Auf die Frage, was denn Kurz von Seehofers Plänen halte, die Österreich ebenfalls stark betreffen würden, wo er sonst auch die CSU unterstütze, wich er aus. Der Kanzlerin huschte ein leichtes Grinsen übers Gesicht. Kurz erklärte, er wolle sich nicht in innerdeutsche Debatten einmischen. Tat es dann aber subtil, indem er darauf hinwies, dass seine Regierung Maßnahmen ergriffen habe, um die Zahl von Migranten zu verringern. „Entscheidend ist, dass wir beenden, dass Menschen quer durch Europa ziehen, um dann in Deutschland und Schweden einen Asylantrag zu stellen“, sagte er und wies aber ebenso daraufhin: Er wolle während der anstehenden EU-Ratspräsidentschaft auch an einer "gemeinsamen europäischen Lösung arbeiten." Merkel hörte ihm zu, nickte stellenweise. Ob sie da jetzt wirklich einen Verbündeten gefunden hat?
Fans in der CSU
Bekannt ist: der 31-jährige Kanzler hat in der CSU viele Fans, die ihn als Partner für eine harte Flüchtlingspolitik sehen. Seehofer wird sich heute ebenfalls mit Kurz treffen, während sich alle Minister beim Integrationsgipfel im Kanzleramt einfinden. Thema werden etwa Seehofers neuste Pläne sein: Er hat Italiens Innenminister Matteo Salvini von der rechten Lega nach Berlin eingeladen. Man wolle einen gemeinsamen Plan zum Schutz der europäischen Außengrenzen vorantreiben – auch das wird ein weiteres Kapitel in der Machtprobe mit Merkel sein.

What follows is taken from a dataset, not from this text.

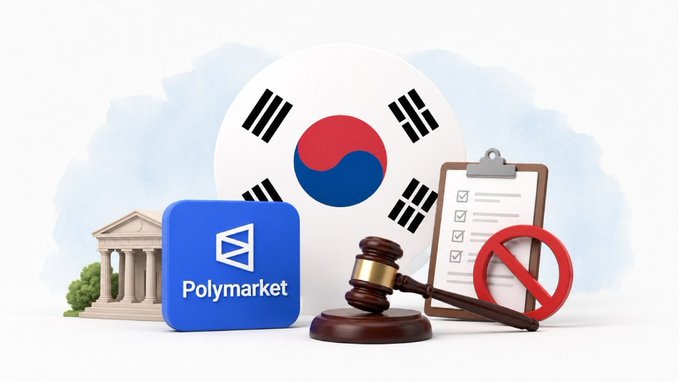 The image shows a South Korean flag alongside the Polymarket logo, a gavel, a clipboard with checkboxes, and a prohibition symbol, visually representing South Korea's legal restriction on the prediction platform. The graphic illustrates the post's message that South Korean authorities have blocked access to Polymarket due to it being deemed illegal gambling under local laws.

Seehofer scheint derzeit alle Register zu ziehen. Sein Plan müsse „so kommen“, schreibt das Redaktionsnetzwerk Deutschland über die Strategie des CSU-Chefs. Er sei nicht bereit, „einen halben Plan mit faulen Kompromissen zu veröffentlichen“.
Seehofer unter Druck
Was zeigt, dass die Probleme tiefer sitzen. Der 68-Jährige steht intern unter Druck, endlich zu liefern. Bei seinen geplanten „Ankerzentren“, wo Asylwerber bis zur Ein- oder Ausreise interniert werden sollen, ziehen andere Bundesländer nicht recht mit. Er braucht eine Trophäe, und was würde sich besser anbieten, als seinen Wählern zu erzählen: Er würde Asylwerber noch vor den Toren Deutschlands wegschicken. So sehr ihm der Gedanke gefallen mag, er würde den Bruch der Koalition riskieren. Das wär’s dann auch für ihn gewesen: Seehofer hat weder ein Landtags- noch ein Bundestagsmandat. Das weiß Merkel – es wäre nicht der erste Sturm, der an ihr vorbeizieht.